The summer is over and the Jewish papers bounced back in a big way this week, with a lot going on in the charity world.
- The New York Jewish Week sets the bar high with a special section on giving. There’s a lot here that I’ll unpack in the coming days.
- In Palo Alto, a 8.5-acre, $147 million complex is taking shape that will be a campus for Jewish life and, planners hope, the center of the Bay Area’s Jewish world, reports J.
- The Washington Jewish Week takes a look at the JCPA’s Fighting Poverty With Faith effort, a non-profit dedicated to propagating fair news coverage of Israel and the problem of teenage pregnancy.
- The Baltimore Jewish Times has a cover story on a fascinating affordable housing project in inner-city Baltimore started by Jewish Funds for Justice and a church group.
- The synagogue at Eastern State Penitentiary is getting a face-lift, reports the Philadelphia Jewish Exponent.
- A community wide drive in New Jersey to build an endowment to help make Jewish day schools more affordable has reached $20 million, reports the New Jersey Jewish News.
- Alvin Goldfarb, a major philanthropist in St. Louis, passed away, the St.

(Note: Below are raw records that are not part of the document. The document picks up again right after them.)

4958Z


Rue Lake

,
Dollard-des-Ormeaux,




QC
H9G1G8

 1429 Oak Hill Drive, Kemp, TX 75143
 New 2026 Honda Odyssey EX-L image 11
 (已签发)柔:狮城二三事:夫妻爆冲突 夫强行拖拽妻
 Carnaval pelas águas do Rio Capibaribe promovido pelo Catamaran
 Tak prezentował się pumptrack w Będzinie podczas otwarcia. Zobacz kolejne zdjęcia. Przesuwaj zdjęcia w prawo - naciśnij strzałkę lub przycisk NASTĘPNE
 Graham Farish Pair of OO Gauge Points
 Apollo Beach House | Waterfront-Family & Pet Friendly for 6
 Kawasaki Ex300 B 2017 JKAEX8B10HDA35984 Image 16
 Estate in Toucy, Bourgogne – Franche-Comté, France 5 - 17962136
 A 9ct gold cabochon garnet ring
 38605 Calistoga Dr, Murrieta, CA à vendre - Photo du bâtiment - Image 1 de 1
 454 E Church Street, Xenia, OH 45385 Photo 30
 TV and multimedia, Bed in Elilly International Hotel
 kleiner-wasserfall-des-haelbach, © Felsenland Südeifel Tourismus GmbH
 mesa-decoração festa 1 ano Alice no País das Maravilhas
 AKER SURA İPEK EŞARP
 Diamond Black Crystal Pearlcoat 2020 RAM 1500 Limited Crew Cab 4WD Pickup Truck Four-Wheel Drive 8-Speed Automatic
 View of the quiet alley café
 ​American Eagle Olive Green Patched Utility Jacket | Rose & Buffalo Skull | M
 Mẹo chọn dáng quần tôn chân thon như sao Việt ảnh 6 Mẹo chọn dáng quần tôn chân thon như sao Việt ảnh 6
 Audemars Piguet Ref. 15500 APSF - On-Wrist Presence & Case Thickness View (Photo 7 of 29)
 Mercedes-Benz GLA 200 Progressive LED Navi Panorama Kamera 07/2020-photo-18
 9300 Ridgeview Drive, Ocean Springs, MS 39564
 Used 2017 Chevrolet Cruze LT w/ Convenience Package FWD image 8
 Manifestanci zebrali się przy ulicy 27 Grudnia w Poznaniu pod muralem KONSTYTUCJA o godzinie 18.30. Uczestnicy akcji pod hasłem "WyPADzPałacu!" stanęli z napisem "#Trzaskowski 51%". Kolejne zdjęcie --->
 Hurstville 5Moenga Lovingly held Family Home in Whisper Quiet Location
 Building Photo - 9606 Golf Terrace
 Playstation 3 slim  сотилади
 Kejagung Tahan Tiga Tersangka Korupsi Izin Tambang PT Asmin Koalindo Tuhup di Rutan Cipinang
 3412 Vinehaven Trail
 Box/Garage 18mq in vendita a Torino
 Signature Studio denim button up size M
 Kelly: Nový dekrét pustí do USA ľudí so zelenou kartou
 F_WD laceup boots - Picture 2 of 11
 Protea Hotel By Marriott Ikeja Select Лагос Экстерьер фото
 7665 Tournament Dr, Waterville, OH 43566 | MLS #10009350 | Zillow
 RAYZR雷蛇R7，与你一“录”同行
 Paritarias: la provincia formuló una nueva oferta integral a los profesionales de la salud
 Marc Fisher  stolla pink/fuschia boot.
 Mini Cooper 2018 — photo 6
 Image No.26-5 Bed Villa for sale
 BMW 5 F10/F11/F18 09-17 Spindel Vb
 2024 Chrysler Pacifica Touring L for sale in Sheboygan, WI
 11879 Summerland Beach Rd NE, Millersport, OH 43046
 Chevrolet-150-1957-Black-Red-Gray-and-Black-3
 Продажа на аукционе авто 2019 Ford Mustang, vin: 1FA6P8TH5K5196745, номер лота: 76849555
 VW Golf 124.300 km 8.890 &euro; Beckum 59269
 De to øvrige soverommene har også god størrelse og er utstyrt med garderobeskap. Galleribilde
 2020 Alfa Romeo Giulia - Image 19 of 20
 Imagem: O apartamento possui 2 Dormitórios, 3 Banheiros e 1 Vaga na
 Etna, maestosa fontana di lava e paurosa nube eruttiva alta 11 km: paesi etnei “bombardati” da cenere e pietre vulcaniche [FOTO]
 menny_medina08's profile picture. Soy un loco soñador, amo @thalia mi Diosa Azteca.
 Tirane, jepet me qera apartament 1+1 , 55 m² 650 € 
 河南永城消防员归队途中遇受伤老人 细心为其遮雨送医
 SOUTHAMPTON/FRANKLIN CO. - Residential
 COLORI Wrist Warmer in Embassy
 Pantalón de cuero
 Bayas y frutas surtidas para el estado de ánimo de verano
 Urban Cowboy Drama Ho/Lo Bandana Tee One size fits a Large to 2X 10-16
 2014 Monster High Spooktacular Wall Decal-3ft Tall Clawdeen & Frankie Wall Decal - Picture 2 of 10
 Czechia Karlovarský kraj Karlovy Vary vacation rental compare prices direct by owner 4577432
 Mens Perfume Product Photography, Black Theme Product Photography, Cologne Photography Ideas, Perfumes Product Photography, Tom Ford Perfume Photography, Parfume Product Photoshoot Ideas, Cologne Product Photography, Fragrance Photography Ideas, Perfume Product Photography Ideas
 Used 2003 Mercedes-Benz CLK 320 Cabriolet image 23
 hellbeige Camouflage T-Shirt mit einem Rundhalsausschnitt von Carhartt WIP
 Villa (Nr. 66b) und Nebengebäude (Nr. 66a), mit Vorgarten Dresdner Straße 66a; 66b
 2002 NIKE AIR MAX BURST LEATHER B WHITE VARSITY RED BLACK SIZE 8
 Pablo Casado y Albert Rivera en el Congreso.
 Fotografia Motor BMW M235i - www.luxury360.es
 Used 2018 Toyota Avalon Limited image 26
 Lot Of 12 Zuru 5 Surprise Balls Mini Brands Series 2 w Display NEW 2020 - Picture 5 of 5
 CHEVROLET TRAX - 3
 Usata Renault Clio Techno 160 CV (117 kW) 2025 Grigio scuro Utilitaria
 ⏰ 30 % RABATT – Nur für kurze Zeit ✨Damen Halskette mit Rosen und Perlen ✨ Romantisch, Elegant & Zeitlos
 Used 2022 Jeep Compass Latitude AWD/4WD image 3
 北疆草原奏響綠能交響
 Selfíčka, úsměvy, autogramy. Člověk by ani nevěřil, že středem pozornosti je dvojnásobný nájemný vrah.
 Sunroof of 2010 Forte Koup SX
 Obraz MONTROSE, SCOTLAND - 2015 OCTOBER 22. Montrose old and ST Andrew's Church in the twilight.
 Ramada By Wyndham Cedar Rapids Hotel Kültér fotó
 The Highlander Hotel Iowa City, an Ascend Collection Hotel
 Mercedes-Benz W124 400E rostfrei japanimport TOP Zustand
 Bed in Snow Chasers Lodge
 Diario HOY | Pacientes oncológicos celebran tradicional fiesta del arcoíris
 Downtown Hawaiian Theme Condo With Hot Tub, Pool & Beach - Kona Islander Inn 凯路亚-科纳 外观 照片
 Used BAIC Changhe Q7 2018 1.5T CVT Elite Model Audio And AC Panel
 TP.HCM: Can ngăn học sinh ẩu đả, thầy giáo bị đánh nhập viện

Louis Jewish Light writes.
- The New Jersey Jewish Standard has a story about Shalva, the Association for Mentally & Physically Challenged Children in Israel.
- And for my final trick of the roundup, let’s veer off-course a bit: The L.A. Jewish Journal has a story about the evolving role of the rabbi’s spouse and what it means to be a rebbitzen these days – male or female.